Before I handed her the things, I heard a sound and looked at my left side and in the courtroom there’s a guy with a rifle pointing his gun at me. He’s not wearing any uniform but just dressed like a civilian. He said nothing but just raised his gun and by his facial expressions (raising his chin and eyeing on the black coat in my hand), he was asking me what is the black thing I’m carrying in my hand. I raised the black coat and said loudly “It’s just a black coat which is the uniform lawyers wear.” He was still not lowering his gun. I didn’t know what else to explain. Whether to shoot me or not, it’s up to him. I just stood there. Then, the lawyer from our firm shouted that “It’s just a black coat and she’s bringing it for me to wear.” Then, he lowered the gun and let me pass the coat and case files to her. This is not the first time a junta [agent] pointed a gun towards me but here, in a courtroom! I don’t think any lawyers, judges and legal interns in other countries would have ever faced such thing.
Before, I have heard many lawyers said they have to be careful of their word choice in the court because it is not a good place to talk about justice anymore. But now, I’m witnessing it myself. I was also wearing a black coat which means they surely knew I might be a lawyer. Yet, they did not even hesitate to point the gun at me. Rather than fear, I felt so angry about the way they’re desecrating the courtroom with their guns and military boots. In this situation, how are we going to talk about Justice and Human rights? They have their guns ready.
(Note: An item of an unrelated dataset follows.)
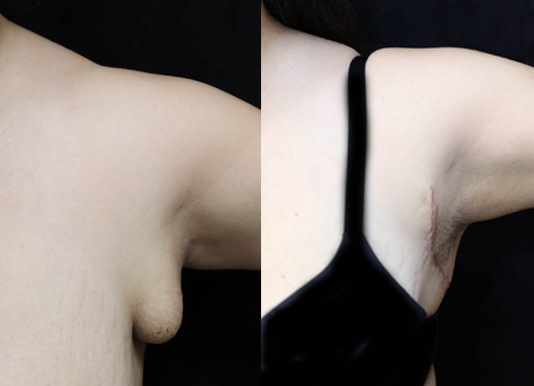 Breast Augmentation Before & After Photos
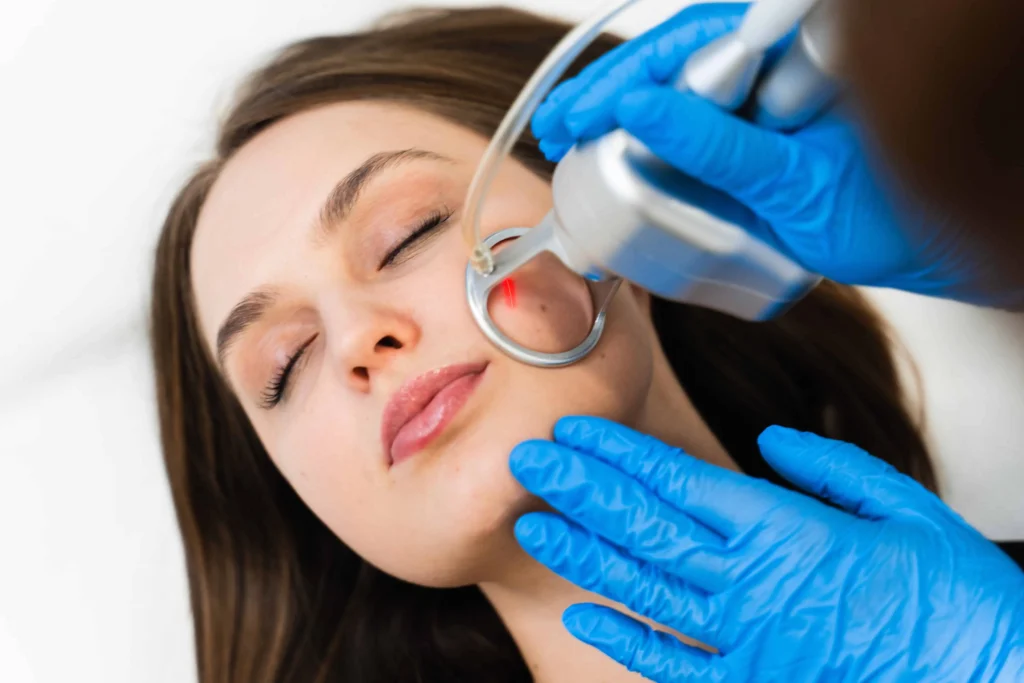 CO2 Laser Treatment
As the hearing went on, I sat in the courtroom and listened to the hearings. Two more juntas with guns entered the room and all three of them occupied the entire front line bench so we had to sit a bit far from the ring where witnesses were examined. We took the notes of witness statements and cross examination questions from the plaintiff sides. First, total 8 witnesses were supposed to be called on that day but the examination of just one witness is taking long with all chief, cross and re-examination. This is a very strange thing I’ve heard from a judge. The judge told the lawyer who was re-examining the accused person “to keep it short.” It’s not that she’s pleading something irrelevant to the case. She was just letting the person explain his case fully at the court so that a fair judgement can be made for him. But she told off to keep it short and that she had other things to do. She could either arrange another court hearing for other witnesses if she’s exercising her power reasonably instead of making an order which prevents a person from exercising his right to be heard at the proceeding. A person’s life depends on her decision and that’s what a judge said. I don’t ever want to practice law in a courtroom ruled by such judge who is ignorant of her duty to comply with fair trial principles and a room full of loaded guns. “Puppet judge” is not just a metaphor but a literal meaning of a “non-CDM [government officers who do not participant in Civil Disobedience Movement] judge” in the courtroom of Myanmar.
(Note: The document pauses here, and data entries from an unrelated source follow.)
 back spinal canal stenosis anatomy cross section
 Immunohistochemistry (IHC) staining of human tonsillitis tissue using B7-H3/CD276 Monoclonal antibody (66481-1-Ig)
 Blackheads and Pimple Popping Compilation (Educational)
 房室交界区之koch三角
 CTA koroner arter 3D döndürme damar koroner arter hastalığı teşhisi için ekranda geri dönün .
After that, while the hearing still went on, we went to buy a food box for our client (an accused person). The detained people are not fed by the prison or by the court on the day of court hearing. There is no enactment regarding that but that’s how the court system is practicing now so if any relatives of the person or the lawyers bought anything for the accused persons, he/she might have to share food with other detainees or just starve for that day. Our client had no relatives to visit him so we bought lunch for him. The hearing went on till 3:30PM MMT and then we passed him a plastic lunchbox and a water bottle. But the police guarding the entry to underground prison at the district court did not allow us to give him the lunchbox. So, we waited more than 15 minutes and repeatedly told him that our client had not eaten anything yet. Then, the junta who pointed the gun at me came to take the lunchbox from us and said he would give that to our client. We just hope he received the lunchbox that day.
It was miserable to witness so many unfair things right in front of my eyes. As a law student, I question if the human rights we talked about in our law classrooms and moot court competitions really exist in real life because I’m witnessing the opposite. For now, in Myanmar, enforcement of human rights would be just daydreaming.